張副官一腳踹過去,說:“閉上你的臭嘴,喬帥怎么樣,你知道也沒用。”
但又有另一個大頭兵好奇說:“你說剛才喬帥干嘛要跟那群公子哥兒打球啊?”
張副官和這些兄弟好歹也有些感情,都是一起上過戰場,一起下過土的人,大家也大都是光棍、孤家寡人一個、一人吃飽全家不愁,說話好聽點兒的話,張副官也樂意解釋解釋:“誰知道,不過那個叫做顧葭的三爺就是昨兒在和平飯店五樓的那個人。當時有人送上去了一臺收音機,后頭源源不斷的就有人把拍賣到的東西送過去,那場面,嘖嘖,壯觀!就那三爺一個小時賺的就比咱們一年的工資都多!”
不過就這么一段話,立即惹的大頭兵們紛紛議論,說那位三少爺這么大本事,也不知道是做什么生意,還有人說三少爺長得漂亮,指不定送禮物的都是‘客人’,反正都是些粗人,嘴上也沒什么把門,張副官懶得再和這些人計較,只是抽煙。
喬公館內不比外頭暖和多少,但也算是開了熱水汀,整個公關就屬一樓的小客廳最為暖和,因此喬萬仞一回來,就把外套遞給了劉媽,踩著灰撲撲的地毯走進小客廳,結果還未進入,便能聽見里面兩個女人的說笑聲。
一個聲音清亮,可以聽得出來是個經常說說笑笑,打趣別人的人,另一個不怎么說話,大部分都只是聽,偶爾打開話匣子,卻是收也收不住,顯然似乎是許久沒有和人這樣聊天了。
“嫂子、我回來了。”喬萬仞走進去,直接讓坐在小沙發上握著手說話的兩個女人都停下來看他。
其中挽著頭發的微胖女子立即站起來,激動的說:“萬仞你咋回來了?天啊,怎么不和我們提前說一說?前幾天還打了電話,不是說在山東那邊嗎?”

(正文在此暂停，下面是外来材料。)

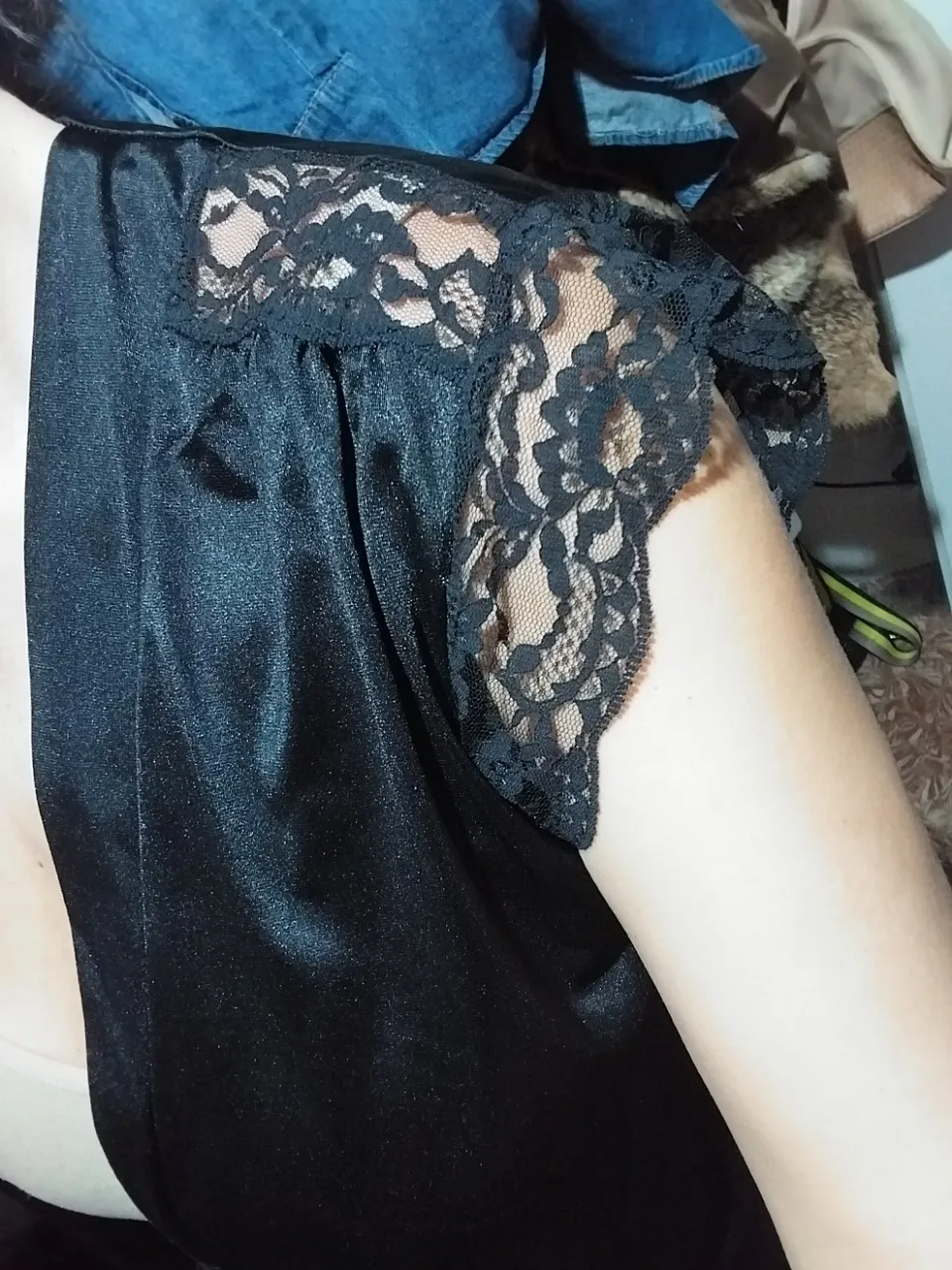 Accesorio Avon - imagen 2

喬萬仞露出一個微笑,說:“回來辦點事兒,順便來看看你們。我哥呢?”
微胖女子拉著喬萬仞的手,好生看了看,聽到這話,立即說道:“別管你大哥,他又去煙館了,成日沒有什么事兒干,前些日子好不容易有人請他當老師,他嫌教的都是些泥腿子的孩子,工資又少,所以不樂意去,哎……說起來,快來看看這位!你瞧瞧,她是誰?!”
喬萬仞看向喬念嬌,語氣平淡的說:“嗯,大姐。”
喬念嬌坐在沙發上,被喊了‘大姐’也還好像在夢里似的,被微胖的女人推了推,才突然醒過來,遲疑的說:“這、這是小蝦嗎?小蝦?”
喬萬仞的乳名就叫小蝦,據說是父親過河的時候,正好看見了裝在木盆里的他,盆子里跳著好幾只河蝦,父親便心生憐憫,帶回來收養了,取名小蝦。
喬老爺是個菩薩心腸的大好人,一輩子沒有做過什么孽,考過進士,祖上全是文化人,滿門書香,撿到喬萬仞的時候正好在京城買了府邸,因此全家都很歡迎喬萬仞的到來。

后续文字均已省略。